Aus dem Reich der Toten - Die Gruppe Z am Allerseelentag

Allerseelen feiern die Katholiken zur Erinnerung an die Verstorbenen, die somit für die kurze Zeit eines Tages aus Ihren Gräbern steigen, um nach ein paar Stunden Im Gedächtnis der Lebenden wieder zurückzusinken ins Dunkel des Vergessens. So ähnlich jedenfalls feierte am Allerseelentag zu später Stunde die Gruppe Z ihr Totenfest.
In einem-weiß gekalkten, kühlen Keller vor ein paar Zuschauern und hinter einem Gazevorhang brennen zwei Kerzen. Ein paar Möbel stehen herum, von weißen Leintüchern verhüllt. Links auf einem Bett eine leblose Gestalt unter einem fahlen Laken, rechts eine kauernde Gestalt, von einem schwarzen Tuch verdeckt.

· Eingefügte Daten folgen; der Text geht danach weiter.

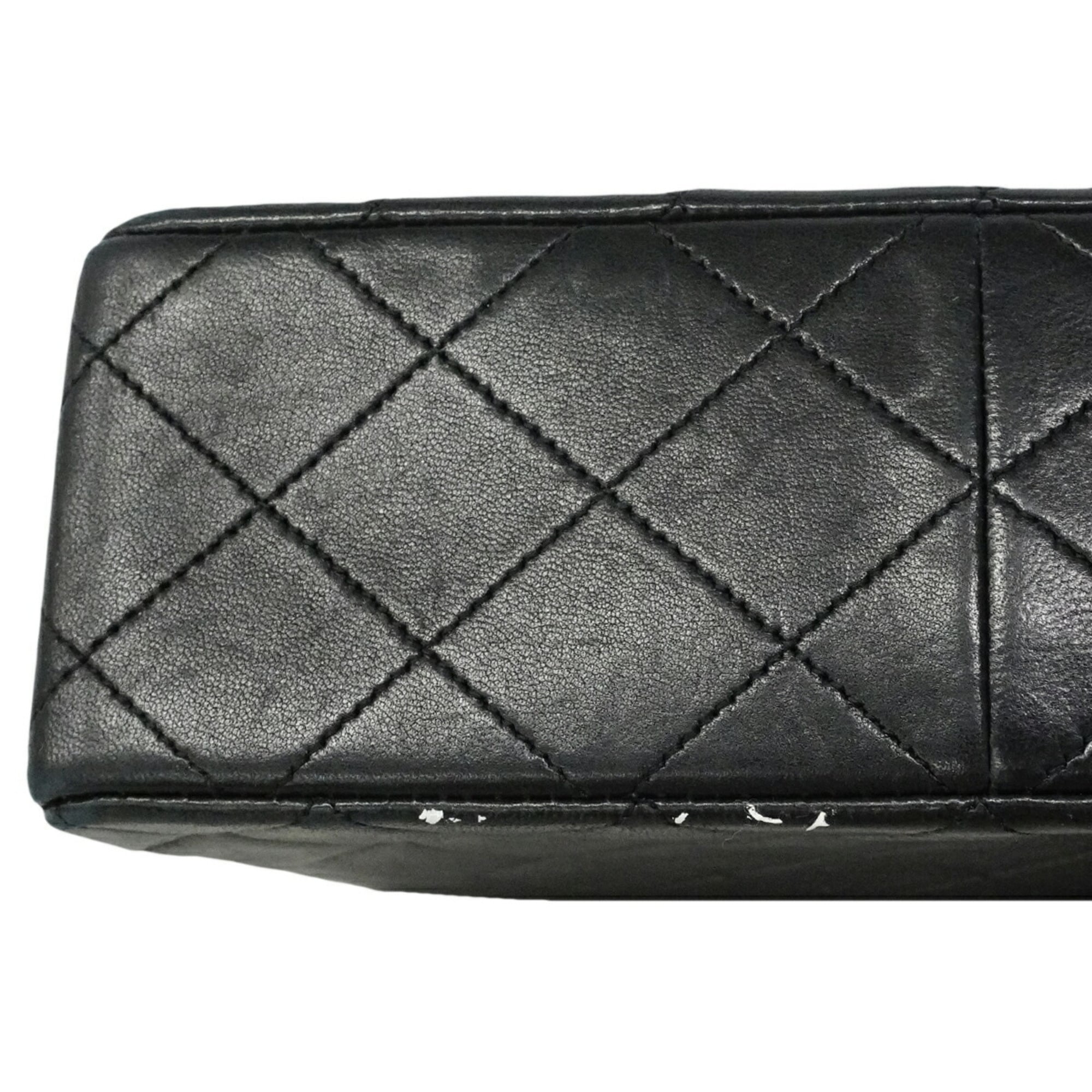 Chanel Black Leather Shoulder Bag (Pre-Owned)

Lange Zeit geschieht nichts. Aus Lautsprechern kommen gedämpft rasselnde, röchelnde Geräusche, hin und wieder verwehte Klänge elektronischer Musik. Die atemlose Katakombenstimmung wird ganz allmählich zum Horrorstück; denn die vermeintliche Leiche beginnt sich zu regen. Unheimliche Schritte hallen aus imaginären Gängen. Böcklin und Segal in lebenden, scheinbar lebenden Bildern. Aus den zuerst kaum merklichen Bewegungen wird dann doch so etwas wie Leben: langsam fällt das weiße Leintuch vom Körper. Darunter ist er schwarz; er erhebt sich, er wandelt gemessen, gleitet im Raum herum, entzündet weitere Kerzen, schlägt ein Buch auf, sinkt erschöpft in einen Sessel. Die andere Gestalt kriecht zum Lager, die erste erhebt sich wieder und löscht die Lichter mit kurzen, entschiedenen Bewegungen. Die letzte Kerze verdämmert ganz langsam, wie eine lange Abblende. Dann lange Grabesstille, schwärzestes Dunkel.
Auf dem Theater wäre dieses Totenfest namens Doom ein Gag, ein Na-und-Stückchen zum Achselzucken. In dem kühlen winzigen Keller unter einem ärmlichen Wohnhaus voller lebender Leichen, war es eine schwarze Messe, ein Ausflug in das Reich der Toten. Die unscharfe Schwarzweißzeichnung der Szene, die sparsamen Bewegungen verliehen dieser Feier etwas von der schwarzen Romantik mancher früher Gruselfilme, ohne - wie viele von diesen - das Lächerliche zu provozieren.
Die wenigen Bewegungen der beiden Darsteller List und Kleinknecht saßen exakt, nur das Entzünden der Streichhölzer störte durch seine natürliche, nicht ins Unterdimensionierte gedehnte Geschwindigkeit. Die Eindringlichkeit des Ganzen litt ein wenig auch unter der etwas zu kurz geratenen Dauer des zweiten Teils, der dadurch, daß überhaupt etwas geschah, zuviele Erwartungen provozierte. Doom entließ seine Zuschauer nach einer Stunde trotzdem nicht ratlos, sondern eher sehr ruhig, sehr berührt von einem starken, wenn auch nicht aufregenden oder aktivierenden Erlebnis.